England will entrust twin playmakers George Ford and Owen Farrell with the task of masterminding victory over South Africa after naming an unchanged side for the World Cup final.
Eddie Jones has kept faith with Ford at fly-half after his outstanding display in the remarkable 19-7 last-four victory over New Zealand – despite the physical threat posed by Springboks centre Damien de Allende.
The in-form Ford was dropped against Australia two rounds ago to stiffen the midfield defence in the hope of containing the Wallabies’ Samu Kerevi, but his vision is viewed as essential to toppling South Africa at International Stadium Yokohama.
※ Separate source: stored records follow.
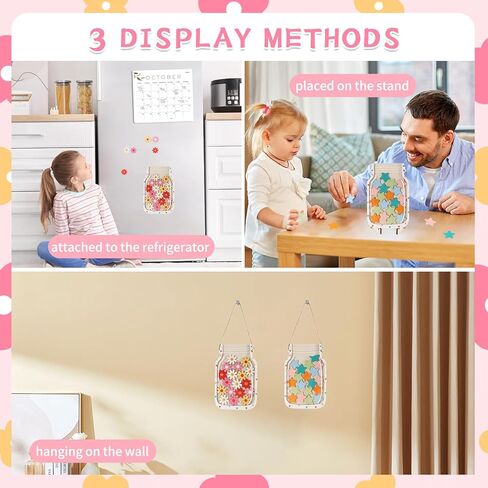 2 Pack Magnetic Reward Jar for Kids, Good Behavior Rewards Jar for Classroom Home, Potty Training Rewards Home Training for Boys Girls, Star and Flower Jar Reward System, Christmas Kids Gift in Saudi Arabia
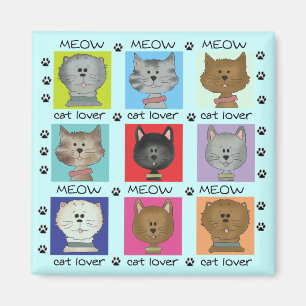 Meow Cat Lover Tshirts and Gifts Magnet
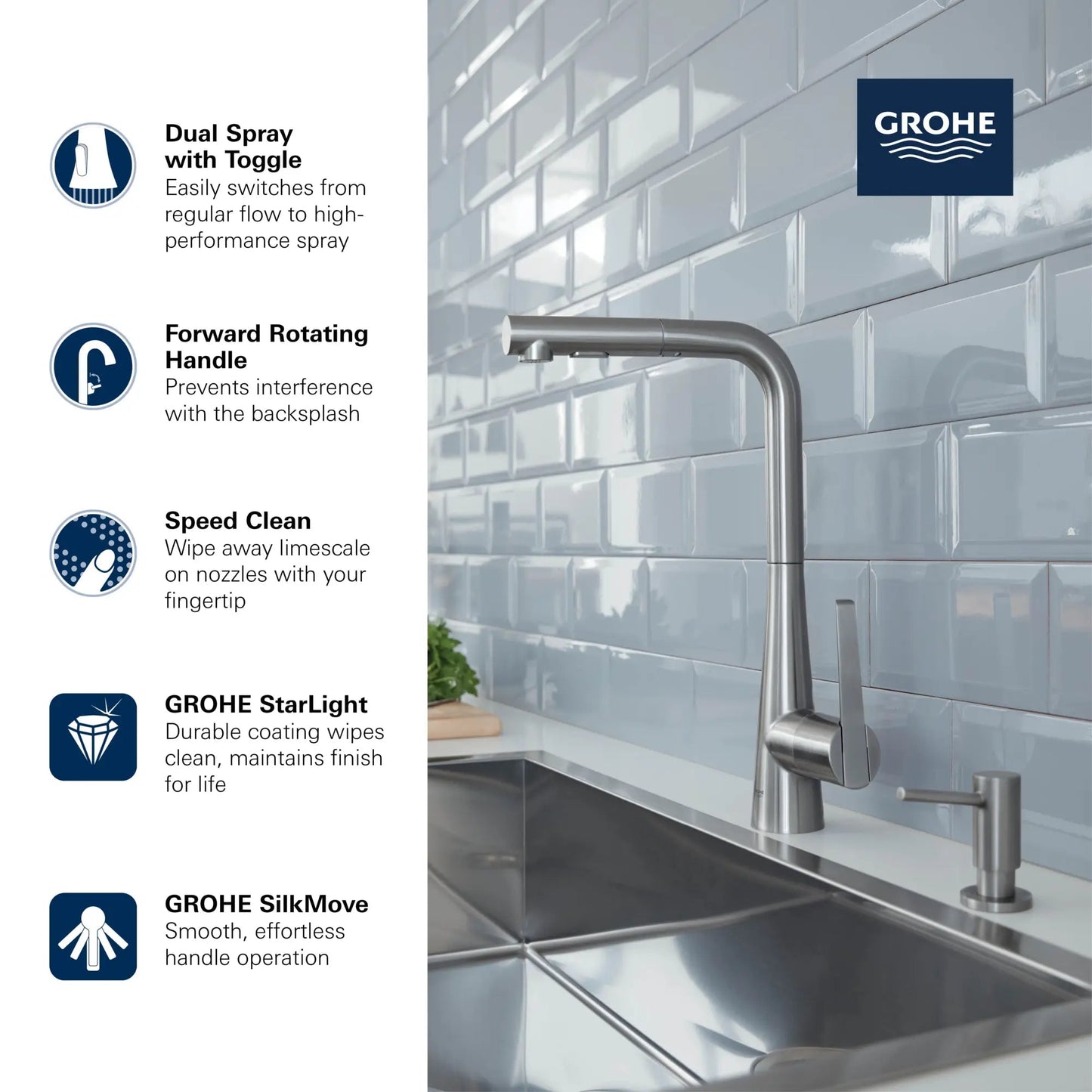 Grohe Zedra 1.75 GPM Dual Spray Single-Handle StarLight Chrome Pull-Out Kitchen Faucet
Farrell and Manu Tuilagi continue their centre partnership and there is a boost for England in the front row after Kyle Sinckler won his battle with a calf injury to resume at tighthead prop.
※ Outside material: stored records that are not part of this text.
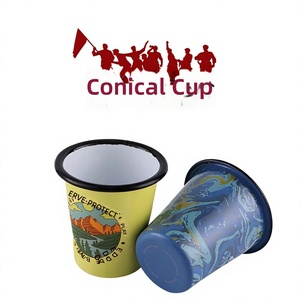 Mug conique en émail de 350 ml, personnalisé en usine, bleu et jaune, imprimé, non cassable, pour boire - Product Image 2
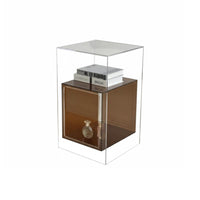 Transparent Design Clear Acrylic End Table Minimalist design See-Through Accent Table Space-Saving Nightstand Easy to Clean for Apartment Dwellers, Homeowners, Interior Designers, Small Spaces, Dorm Room, Office, Entryway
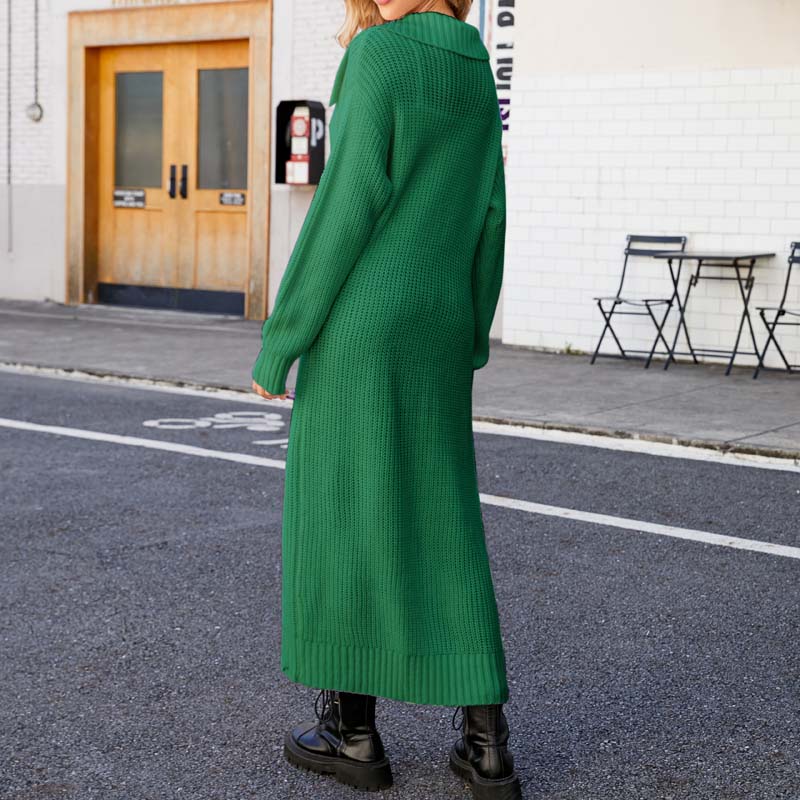 Lässiger einfarbiger langer Cardigan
There is one injury-enforced change on the bench where Ben Spencer comes in for Willi Heinz, who has been ruled out of Jones’ 50th Test as head coach because of a hamstring injury.
Spencer will win his fourth cap and make his World Cup debut if he is brought on to replace scrum-half Ben Youngs.
It is the first time since March 2016 and only the second occasion overall that Jones has named an unchanged starting XV.
Farrell leads a side that contains 731 caps as England play in their fourth final and bid to lift the Webb Ellis Trophy for the second time.
“It has been a good week, the players have been together a while now so it’s less about the volume of training this week, it’s more about sharpening the sword,” Jones said.
“South Africa are a difficult opponent and we are going to have to fight really hard to win.
“We know the physical part of the game is going to be important and the players will go into this game well prepared knowing how we want to play. We will go and play with no fear.
“South Africa will probably play a similar type of game to what they have played all tournament so we need be good in the arm wrestle so that when we have the opportunities to break the game up, we are then confident and composed enough to take them.”